The timeline laid out by the campaign on Tuesday shows Corey's plans were slightly off.
Gillum's campaign released an unsigned hotel invoice showing he spent Tuesday and Wednesday night at a different hotel. The Open Society Foundation, another nonprofit, paid for the room, according to the campaign. On Thursday night, Gillum stayed at the Millennium hotel with his brother.
Gillum's campaign said Tuesday that Gillum did not attend the Mets game and did not meet up with the group until Thursday night, when Gillum's brother handed him a ticket to "Hamilton."
"After the trip, Mayor Gillum learned Marcus Gillum had obtained that ticket in a swap with Adam Corey for a concert ticket," Gillum's campaign said in a statement.
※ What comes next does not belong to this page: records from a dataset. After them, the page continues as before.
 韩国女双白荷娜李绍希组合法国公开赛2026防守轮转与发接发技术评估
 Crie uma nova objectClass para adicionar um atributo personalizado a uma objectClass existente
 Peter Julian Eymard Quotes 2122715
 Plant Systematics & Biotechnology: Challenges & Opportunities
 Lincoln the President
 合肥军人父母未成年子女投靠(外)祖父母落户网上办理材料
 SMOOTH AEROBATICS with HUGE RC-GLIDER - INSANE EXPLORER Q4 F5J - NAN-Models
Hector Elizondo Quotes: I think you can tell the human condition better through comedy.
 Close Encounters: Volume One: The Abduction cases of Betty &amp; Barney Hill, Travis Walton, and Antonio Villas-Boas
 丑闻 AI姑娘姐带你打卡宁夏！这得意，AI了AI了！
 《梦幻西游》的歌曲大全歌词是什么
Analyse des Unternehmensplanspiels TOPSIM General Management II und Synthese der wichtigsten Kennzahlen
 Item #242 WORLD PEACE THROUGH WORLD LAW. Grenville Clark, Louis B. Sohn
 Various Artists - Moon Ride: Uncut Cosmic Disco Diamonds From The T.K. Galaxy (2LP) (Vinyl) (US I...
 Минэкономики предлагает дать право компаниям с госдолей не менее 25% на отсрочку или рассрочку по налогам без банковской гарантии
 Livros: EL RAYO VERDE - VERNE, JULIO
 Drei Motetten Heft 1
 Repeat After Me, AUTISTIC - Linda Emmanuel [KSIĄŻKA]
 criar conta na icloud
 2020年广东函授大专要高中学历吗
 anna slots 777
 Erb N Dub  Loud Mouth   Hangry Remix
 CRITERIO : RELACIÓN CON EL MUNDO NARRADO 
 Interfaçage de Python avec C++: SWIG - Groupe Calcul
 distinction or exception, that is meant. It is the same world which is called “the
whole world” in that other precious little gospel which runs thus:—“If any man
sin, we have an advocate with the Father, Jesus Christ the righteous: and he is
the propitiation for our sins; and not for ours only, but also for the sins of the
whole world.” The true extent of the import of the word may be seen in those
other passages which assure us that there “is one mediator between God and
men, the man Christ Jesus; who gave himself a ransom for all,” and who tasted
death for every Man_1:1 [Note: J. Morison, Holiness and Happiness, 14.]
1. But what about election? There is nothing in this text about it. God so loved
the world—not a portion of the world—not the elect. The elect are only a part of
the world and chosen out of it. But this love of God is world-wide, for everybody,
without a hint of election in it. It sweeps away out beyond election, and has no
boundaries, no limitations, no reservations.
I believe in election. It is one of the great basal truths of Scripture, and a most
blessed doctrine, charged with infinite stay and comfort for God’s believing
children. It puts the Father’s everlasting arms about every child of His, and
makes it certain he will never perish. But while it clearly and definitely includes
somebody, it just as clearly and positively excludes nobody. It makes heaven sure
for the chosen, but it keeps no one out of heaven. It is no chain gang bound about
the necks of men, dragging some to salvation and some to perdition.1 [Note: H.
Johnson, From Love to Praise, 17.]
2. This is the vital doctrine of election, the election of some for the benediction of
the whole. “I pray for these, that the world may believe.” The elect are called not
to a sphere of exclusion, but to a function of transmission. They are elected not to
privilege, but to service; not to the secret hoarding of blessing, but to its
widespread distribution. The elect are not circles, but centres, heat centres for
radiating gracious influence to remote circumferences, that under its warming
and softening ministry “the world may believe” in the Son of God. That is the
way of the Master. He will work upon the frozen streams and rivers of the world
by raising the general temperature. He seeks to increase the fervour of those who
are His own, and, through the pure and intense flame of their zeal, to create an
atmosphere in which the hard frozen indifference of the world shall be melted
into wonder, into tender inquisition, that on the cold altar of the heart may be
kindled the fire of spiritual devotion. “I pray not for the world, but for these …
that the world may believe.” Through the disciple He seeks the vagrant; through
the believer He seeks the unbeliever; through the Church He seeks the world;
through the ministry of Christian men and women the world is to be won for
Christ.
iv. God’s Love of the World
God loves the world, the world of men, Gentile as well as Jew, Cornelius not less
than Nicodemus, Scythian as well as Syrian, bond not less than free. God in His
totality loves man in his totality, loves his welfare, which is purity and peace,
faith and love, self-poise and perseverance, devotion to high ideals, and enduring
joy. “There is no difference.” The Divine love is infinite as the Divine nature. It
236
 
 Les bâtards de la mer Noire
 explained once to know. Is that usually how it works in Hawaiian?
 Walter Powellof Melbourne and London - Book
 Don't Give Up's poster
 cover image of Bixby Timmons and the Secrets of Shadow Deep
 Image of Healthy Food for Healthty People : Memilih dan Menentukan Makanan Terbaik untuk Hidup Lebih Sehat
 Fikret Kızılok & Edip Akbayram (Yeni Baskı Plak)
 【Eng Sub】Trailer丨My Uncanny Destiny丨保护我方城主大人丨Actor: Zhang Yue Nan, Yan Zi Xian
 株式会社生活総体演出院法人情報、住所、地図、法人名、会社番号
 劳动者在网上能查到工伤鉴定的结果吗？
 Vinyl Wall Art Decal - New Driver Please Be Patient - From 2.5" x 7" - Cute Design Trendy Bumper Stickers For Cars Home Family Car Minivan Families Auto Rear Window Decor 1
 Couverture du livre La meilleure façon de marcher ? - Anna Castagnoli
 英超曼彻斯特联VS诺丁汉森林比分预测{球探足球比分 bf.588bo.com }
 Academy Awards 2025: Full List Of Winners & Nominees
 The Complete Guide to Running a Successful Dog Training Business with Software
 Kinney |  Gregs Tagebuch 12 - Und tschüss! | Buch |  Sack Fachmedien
But Corey's lawyer, Christopher Kise, told the Associated Press Tuesday night that the idea that Corey swapped tickets with Marcus Gillum was "nonsense."
On Friday, the last day of the trip, Gillum took the boat ride around the Statue of Liberty with Corey and Miller. A photo of the three on the boat was published by Tallahassee television station WCTV.
Questions have also been raised about a trip Gillum and his wife took to Costa Rica with Corey and about 10 other people.
The campaign on Tuesday released copies of bank transactions and credit card statements to clear up details of the trip. The records show that Gillum took out $400 in cash the day before the trip, which he used to pay for their portion of a large villa the group shared.
"Mayor Gillum and his wife paid cash for their portions of the group lodging (similar to how someone might pay someone back if a reservation was booked on Airbnb), and paid by credit card for other outings," the campaign said.
After news of the New York trip surfaced last year, Tallahassee businessman Erwin Jackson filed an ethics complaint against Gillum. Gillum and his lawyer met with the investigator Tuesday morning, according to the campaign.
Gillum used the release of the receipts to take a shot at Republican Ron DeSantis, his opponent in November who has been a vocal critic of Special Counsel Robert Mueller's investigation into President Donald Trump.
“Here in Florida, we’ve done everything we can to aide the agency, while Ron DeSantis and Donald Trump have done the exact opposite — demonizing the FBI and making the case that collusion is not a crime," Gillum said in a statement.
In response, DeSantis spokesman Stephen Lawson dismissed the records.
"These receipts do nothing to shed light on his luxury trips to Costa Rica and New York City with lobbyists and undercover FBI agents," Lawson said. "In fact, they simply raise more questions about Gillum’s ongoing involvement."